Modal Shift Optimized Transit Route Design
Increasing modal shift from auto to transit is a desirable objective for achieving better system-wide mobility. Automobile users might consider shifting to transit if they have an affordable and a good quality service available. Given the constrained fleet and crew resources of transit companies due to the costly transit operations, it is essential to optimize various transit network elements and maximize the quality of the offered service in order to realize the maximum transit ridership. Transit route design is concerned with determining various design elements, such as service frequency and fleet size. In addition, as the first points of contact between passengers and transit service, transit stop locations and spacing are crucial design elements in terms of ensuring maximum service coverage and reasonable accessibility. The route design process currently depends on the experience of the planner, in which a set of service standards and guidelines are followed to specify the minimum acceptable level of service. That is succeeded by generating and examining a number of design scenarios based on different combinations of design elements in order to select the best alternative. However, current design approaches are criticized for yielding suboptimal designs in terms of maximizing modal shift from auto users toward transit. Another limitation is being unable to capture the effect of the proposed design on the existing demand along other transit routes and whether the attracted demand is resulting from a mode shift or a transit route shift.
This research proposes a modelling framework for generating optimal transit route designs that maximize demand attraction. The framework builds upon and extends the powerful capabilities of the existing microsimulation learning-based approach for transit assignment (MILATRAS), to tackle the route design problem. MILATRAS currently models transit assignment given a fixed set of transit routes and transit demand. The proposed work will add to MILATRAS a modal shift module to enable evaluating the impact of transit investments that usually target auto drivers. Modal shift barriers such as attitudes and habit formation will be captured in the model by specifying a threshold or inertia against shifting between modes. The proposed approach to transit route design problem is divided into two main stages. Firstly, tools will be developed to generate a set of competing candidate route designs based on shortest path algorithms, service guidelines and constraints regarding several design aspects such as minimum stop spacing and maximum route length. Secondly, an optimization tool will be developed to select the optimum transit route alignment and design characteristics, considering demand variability among both modes and routes.

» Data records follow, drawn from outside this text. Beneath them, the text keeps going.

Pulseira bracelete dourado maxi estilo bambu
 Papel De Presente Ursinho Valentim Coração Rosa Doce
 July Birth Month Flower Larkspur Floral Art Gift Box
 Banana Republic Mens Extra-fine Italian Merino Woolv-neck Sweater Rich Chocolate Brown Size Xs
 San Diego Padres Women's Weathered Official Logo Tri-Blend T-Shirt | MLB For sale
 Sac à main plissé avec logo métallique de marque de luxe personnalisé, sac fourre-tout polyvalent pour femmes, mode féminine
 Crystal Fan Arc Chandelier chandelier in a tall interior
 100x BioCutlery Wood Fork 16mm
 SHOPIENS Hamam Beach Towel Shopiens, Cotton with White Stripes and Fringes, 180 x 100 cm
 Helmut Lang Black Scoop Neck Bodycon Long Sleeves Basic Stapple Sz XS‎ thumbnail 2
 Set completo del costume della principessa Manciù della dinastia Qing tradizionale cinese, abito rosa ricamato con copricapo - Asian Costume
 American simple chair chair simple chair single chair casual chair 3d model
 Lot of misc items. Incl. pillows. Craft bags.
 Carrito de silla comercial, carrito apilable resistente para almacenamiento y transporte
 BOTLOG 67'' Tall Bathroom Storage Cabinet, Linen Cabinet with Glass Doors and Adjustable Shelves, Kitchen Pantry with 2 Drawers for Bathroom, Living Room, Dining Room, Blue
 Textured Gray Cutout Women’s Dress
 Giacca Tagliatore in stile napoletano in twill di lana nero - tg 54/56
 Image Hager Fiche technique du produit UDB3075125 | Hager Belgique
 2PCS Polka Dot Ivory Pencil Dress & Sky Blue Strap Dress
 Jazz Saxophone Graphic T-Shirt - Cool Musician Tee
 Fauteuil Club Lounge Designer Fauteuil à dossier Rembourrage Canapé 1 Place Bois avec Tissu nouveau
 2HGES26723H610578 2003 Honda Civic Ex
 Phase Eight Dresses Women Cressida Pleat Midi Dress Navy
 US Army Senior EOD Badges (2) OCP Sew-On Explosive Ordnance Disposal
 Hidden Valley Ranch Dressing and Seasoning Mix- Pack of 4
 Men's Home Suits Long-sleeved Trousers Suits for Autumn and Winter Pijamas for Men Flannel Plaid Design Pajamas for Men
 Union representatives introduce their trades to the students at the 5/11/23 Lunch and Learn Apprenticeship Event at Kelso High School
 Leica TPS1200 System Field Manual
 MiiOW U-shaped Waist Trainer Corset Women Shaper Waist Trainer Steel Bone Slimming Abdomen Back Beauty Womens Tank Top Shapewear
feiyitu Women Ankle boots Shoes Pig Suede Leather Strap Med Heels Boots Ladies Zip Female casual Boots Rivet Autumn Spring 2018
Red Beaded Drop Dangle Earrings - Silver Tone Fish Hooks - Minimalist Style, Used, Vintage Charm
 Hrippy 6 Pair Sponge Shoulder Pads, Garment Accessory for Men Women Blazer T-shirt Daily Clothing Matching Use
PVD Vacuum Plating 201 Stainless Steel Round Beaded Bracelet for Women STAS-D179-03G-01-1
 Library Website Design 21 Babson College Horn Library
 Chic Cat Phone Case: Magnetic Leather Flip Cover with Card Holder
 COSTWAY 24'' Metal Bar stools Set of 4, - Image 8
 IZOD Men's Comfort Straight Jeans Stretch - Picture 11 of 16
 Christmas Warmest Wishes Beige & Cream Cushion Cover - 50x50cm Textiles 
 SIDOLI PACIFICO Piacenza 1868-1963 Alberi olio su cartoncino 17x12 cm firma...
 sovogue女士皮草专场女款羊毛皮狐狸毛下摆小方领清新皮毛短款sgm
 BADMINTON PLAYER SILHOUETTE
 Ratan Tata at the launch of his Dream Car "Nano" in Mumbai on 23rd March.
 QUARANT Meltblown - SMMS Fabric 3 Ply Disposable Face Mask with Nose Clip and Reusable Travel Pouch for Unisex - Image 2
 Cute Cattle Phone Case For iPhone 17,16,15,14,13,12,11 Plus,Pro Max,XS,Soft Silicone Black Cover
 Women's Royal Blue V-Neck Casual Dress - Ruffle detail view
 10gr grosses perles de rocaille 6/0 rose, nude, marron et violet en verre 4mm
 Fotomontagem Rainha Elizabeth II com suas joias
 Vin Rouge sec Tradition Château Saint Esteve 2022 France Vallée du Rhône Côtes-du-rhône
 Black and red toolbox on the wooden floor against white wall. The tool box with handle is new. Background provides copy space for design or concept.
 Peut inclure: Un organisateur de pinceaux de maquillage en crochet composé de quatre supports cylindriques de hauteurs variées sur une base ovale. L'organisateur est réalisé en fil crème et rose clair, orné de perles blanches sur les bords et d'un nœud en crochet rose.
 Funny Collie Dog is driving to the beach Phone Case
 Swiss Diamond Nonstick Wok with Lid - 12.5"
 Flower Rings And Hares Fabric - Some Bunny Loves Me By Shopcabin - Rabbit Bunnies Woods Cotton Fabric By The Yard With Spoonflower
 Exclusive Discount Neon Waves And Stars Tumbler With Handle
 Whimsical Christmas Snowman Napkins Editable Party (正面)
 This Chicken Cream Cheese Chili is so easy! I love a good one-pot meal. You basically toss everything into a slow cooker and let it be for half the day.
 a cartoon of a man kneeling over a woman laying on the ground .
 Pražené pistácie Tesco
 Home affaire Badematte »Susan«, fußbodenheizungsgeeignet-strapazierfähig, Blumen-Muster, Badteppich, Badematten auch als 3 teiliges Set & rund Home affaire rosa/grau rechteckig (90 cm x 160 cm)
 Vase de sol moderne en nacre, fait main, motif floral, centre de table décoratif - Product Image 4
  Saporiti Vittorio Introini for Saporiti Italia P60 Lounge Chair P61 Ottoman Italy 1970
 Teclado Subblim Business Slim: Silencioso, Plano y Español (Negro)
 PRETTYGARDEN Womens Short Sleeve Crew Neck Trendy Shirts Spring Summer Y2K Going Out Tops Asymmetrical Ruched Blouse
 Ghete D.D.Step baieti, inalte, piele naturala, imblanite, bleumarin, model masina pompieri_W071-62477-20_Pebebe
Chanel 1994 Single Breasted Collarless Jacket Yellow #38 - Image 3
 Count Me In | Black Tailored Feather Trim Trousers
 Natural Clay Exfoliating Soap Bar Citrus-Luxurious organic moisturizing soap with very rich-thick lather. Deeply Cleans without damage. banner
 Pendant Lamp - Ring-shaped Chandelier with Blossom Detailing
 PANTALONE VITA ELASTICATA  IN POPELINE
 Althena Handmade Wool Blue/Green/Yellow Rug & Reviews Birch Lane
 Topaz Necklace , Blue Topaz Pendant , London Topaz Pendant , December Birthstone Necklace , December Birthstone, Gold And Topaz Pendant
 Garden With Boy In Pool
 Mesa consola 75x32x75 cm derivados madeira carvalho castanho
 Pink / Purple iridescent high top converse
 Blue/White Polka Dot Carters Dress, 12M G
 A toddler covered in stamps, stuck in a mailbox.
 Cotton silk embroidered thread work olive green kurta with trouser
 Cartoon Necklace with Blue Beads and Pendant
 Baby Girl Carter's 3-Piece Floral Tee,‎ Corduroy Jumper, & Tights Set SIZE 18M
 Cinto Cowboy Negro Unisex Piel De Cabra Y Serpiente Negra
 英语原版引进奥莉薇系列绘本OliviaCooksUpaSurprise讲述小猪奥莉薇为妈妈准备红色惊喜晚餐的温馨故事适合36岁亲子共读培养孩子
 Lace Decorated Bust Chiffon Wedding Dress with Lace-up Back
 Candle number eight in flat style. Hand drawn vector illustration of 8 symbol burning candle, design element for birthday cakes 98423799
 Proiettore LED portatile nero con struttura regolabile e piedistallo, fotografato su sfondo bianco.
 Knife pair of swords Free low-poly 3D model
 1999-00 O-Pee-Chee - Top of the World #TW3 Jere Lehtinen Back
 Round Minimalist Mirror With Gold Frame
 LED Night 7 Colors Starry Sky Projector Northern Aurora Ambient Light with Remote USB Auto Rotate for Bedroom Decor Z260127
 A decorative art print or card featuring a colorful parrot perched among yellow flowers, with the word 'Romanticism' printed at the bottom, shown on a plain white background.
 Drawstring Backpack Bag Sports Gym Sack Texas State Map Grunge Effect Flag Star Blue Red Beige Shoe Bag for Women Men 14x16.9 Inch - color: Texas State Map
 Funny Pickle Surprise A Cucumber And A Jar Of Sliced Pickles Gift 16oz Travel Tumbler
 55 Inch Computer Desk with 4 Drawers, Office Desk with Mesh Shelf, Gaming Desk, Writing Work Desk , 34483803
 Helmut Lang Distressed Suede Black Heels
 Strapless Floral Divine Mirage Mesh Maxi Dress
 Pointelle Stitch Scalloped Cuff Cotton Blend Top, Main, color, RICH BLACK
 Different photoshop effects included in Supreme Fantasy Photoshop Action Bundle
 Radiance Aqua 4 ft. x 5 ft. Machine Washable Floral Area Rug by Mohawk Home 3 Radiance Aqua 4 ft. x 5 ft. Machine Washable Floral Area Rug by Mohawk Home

Such approach is more desirable for transit network planning than the previous approaches in terms of its practical realism for real-world applications. Further, it will not only optimize the overall cost for both passengers and the operator, but also the objective function will incorporate the desired level of modal shift between both competing modes. Furthermore, the interaction between the level of service of the transit route and the variability of demand will be captured.